|Species||C. lupus familiaris|
|Height||17-20 inches (44-51 cm)|
|Weight||35-44 lbs (16-20 kg)|
|Social Structure||Social, domesticated|
|Average Litter Size||4-6 puppies|
|Main Food Item||Dog Food|
The Chinese Shar Pei is a breed of domestic dogs originating in southern China, where they were bred and kept as guard dogs, hunters, and herders and, eventually for a time, dogfighting. Shar Peis are known for their deep wrinkles and their uniquely colored blue-black tongues. They are a medium-sized breed, typically occurring in tan and blue colorations.
The name “Shar Pei” is likely derived from an English attempt at a Cantonese phrase meaning “sand skin”. This is in reference to the short, rough coat that the Shar Pei is known for. Traditionally, Chinese Shar Pei adults were less wrinkly than many modern-day variants of the breed. As a puppy, however, all individuals are highly wrinkled, but often eventually grow into their skin.
Despite the variant of the breed, the Shar Pei weighs about 35-44 lb (16-20 kg) and stands about 17-20 in (44-51 cm) tall at its withers (shoulders). Their coats are typically tan or a steel-gray variant referred to as ‘blue’. They have small, folded ears and a short, dark muzzle and snout. They also have unique tongues, which are colored a mix of black, blue, or even a purplish color. Their tails are thick and round, curling up over their backs.

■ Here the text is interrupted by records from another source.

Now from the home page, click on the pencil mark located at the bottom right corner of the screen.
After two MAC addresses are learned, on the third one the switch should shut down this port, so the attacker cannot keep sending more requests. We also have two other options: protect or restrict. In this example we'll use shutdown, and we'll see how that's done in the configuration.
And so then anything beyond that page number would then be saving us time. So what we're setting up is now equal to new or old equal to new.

The Chinese Shar Pei was used in China for centuries as guard dogs, so it is a breed loyal to its owners and families. Historically, they were very versatile, being used for various tasks. They have a moderate energy level and are generally quite calm if not somewhat aloof. Despite not being a small dog, they can often adapt well to apartment life. Like all dogs, exercise is vital, but the Shar Pei does not require a particularly large amount of daily activity.
They are naturally stubborn and require consistently firm training. It is important to begin training and socialization as early as possible. The Shar Pei learns quickly as long as one can overcome its independent streak.

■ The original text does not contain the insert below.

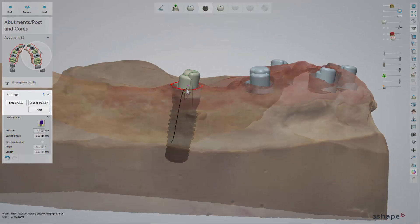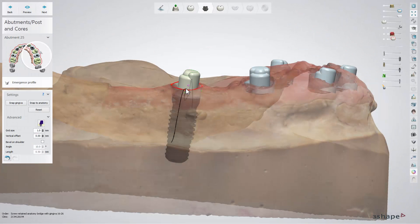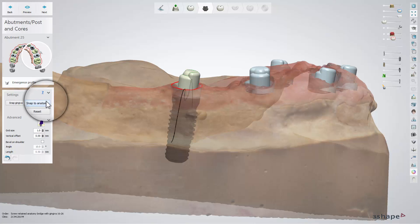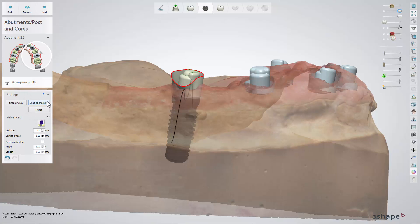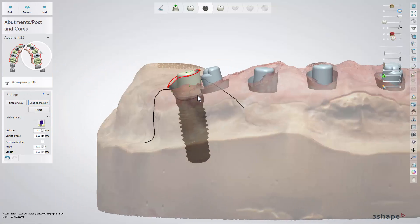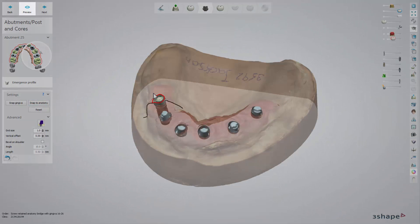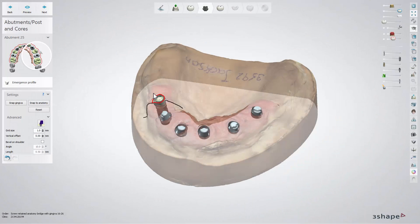When you have it at the required level and your emergence profile has been formed by a healing cap, click the Snap Gingiva button. This will fit the emergence profile completely. However, if you do not have a nicely shaped emergence profile, use the Snap to Anatomy button to automatically snap the profile to the earlier designed crown. Clicking preview will allow you to see the crown's connection to the emergence profile. After finishing the emergence profile design, click next to go to the Anatomy design step.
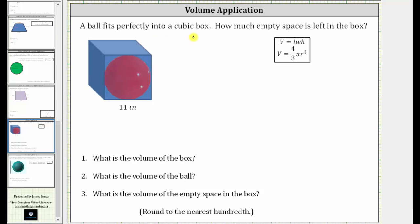A ball fits perfectly into a cubic box. How much empty space is left in the box? We will break this problem down into three parts, where we will first find the volume of the box, then the volume of the ball, and then finally the volume of the empty space in the box.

Their short snout and thick skin leave them prone to overheating. It also means that the breed is prone to heavy breathing and snoring. Grooming Chinese Shar Pei is quite easy due to its short and firm coat. They are quite clean, and little bathing or brushing is required. Due to the extreme folds in some individuals, they can be prone to skin conditions. Females typically give birth to litters of about 4-6 puppies.
Fun Facts about Chinese Shar Pei!
Despite their undeniably centuries-long history in China, the Shar Pei was little known in the West until relatively recently. Also, their lineage in China may be so long that it’s hard to tell exactly when the breed began.
A Mysterious Origin
There are no written records indicating when the Shar Pei was originally domesticated. Some historians believe it is an ancient breed, and it undoubtedly got its start in southern China. Some effigies from the Han dynasty, some 1 800 years ago, contain dogs resembling modern-day Shar Pei. These dogs were apparently used as guard dogs, and predate the better-documented emergence of the Chinese Shar Pei and Chow Chow during the 1800s. It was during this century that they were first recognized in The West, where they were known as “Chinese fighting dogs” due to their most frequent use by Chinese nobility at the time. They were finally recognized by the American Kennel Club in 1991, the 134th such breed.

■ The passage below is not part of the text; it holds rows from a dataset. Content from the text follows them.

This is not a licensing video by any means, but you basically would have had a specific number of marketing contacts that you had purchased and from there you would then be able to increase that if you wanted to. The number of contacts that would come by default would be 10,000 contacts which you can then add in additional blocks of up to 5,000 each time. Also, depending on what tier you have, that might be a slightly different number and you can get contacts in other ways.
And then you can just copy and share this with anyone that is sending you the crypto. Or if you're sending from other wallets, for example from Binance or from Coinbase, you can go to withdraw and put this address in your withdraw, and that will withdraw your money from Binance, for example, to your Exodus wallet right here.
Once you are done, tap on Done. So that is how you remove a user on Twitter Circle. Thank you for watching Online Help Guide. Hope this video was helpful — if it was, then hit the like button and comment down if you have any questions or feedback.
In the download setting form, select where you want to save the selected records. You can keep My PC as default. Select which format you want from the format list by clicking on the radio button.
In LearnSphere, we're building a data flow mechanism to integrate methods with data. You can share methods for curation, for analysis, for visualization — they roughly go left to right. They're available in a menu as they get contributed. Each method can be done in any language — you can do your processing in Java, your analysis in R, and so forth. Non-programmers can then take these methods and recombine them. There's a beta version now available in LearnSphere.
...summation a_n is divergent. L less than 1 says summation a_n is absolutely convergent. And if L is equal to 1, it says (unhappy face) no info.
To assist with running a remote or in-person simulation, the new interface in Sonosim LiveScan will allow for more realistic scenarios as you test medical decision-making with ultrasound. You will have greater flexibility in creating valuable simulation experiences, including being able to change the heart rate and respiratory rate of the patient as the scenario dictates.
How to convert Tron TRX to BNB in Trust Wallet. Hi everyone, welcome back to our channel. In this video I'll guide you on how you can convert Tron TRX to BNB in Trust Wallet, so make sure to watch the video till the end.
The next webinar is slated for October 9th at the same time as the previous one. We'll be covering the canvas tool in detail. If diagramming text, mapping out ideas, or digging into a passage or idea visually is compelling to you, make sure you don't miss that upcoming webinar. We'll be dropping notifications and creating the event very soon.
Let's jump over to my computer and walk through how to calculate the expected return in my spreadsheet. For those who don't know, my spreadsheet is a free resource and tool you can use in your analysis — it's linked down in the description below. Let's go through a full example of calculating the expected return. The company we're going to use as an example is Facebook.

The Shar Pei is well-known for two things: its wrinkles and its history as a fighting breed. However, it is little known that there are in fact two variants of the Shar Pei. One is known as the “meat-mouth” Shar Pei and is the classic, very wrinkled version of the breed. However, the “bone-mouth” variant is much less wrinkled and is more reminiscent of the dogs it is believed the Shar Pei is descendant from.
Also, the Shar Pei was used for centuries for other purposes before it was used as a fighting dog by the elite and Chinese nobility. In addition to being guard dogs originally, they were also capable herd dogs as well as hunters. They would hunt animals like boars. Fortunately, following the Chinese Revolution, the practice of fighting Shar Pei began to diminish, due largely to its reputation as a frivolous activity of elitists.
An Undying Breed
Following the Chinese Revolution and the creation of the People’s Republic of China, the Shar Pei became increasingly rare. In fact, by the 1970s, the Shar Pei was one of the rarest dog breeds in the world. It is still not nearly as popular as it used to be, but it did see a resurgence in popularity by the 1980s thanks to breeders in Hong Kong and Taiwan. In fact, one particular Hong Kong man, named Matgo Law of Down-Homes Kennels, may be responsible for the breed’s survival.
Unfortunately, the following resurgence of the breed’s popularity, along with irresponsible breeding practices, led to various health problems being introduced to it. With fewer breeders today, they are able to eliminate such issues from the breed as well as preserve its loving, loyal temperament.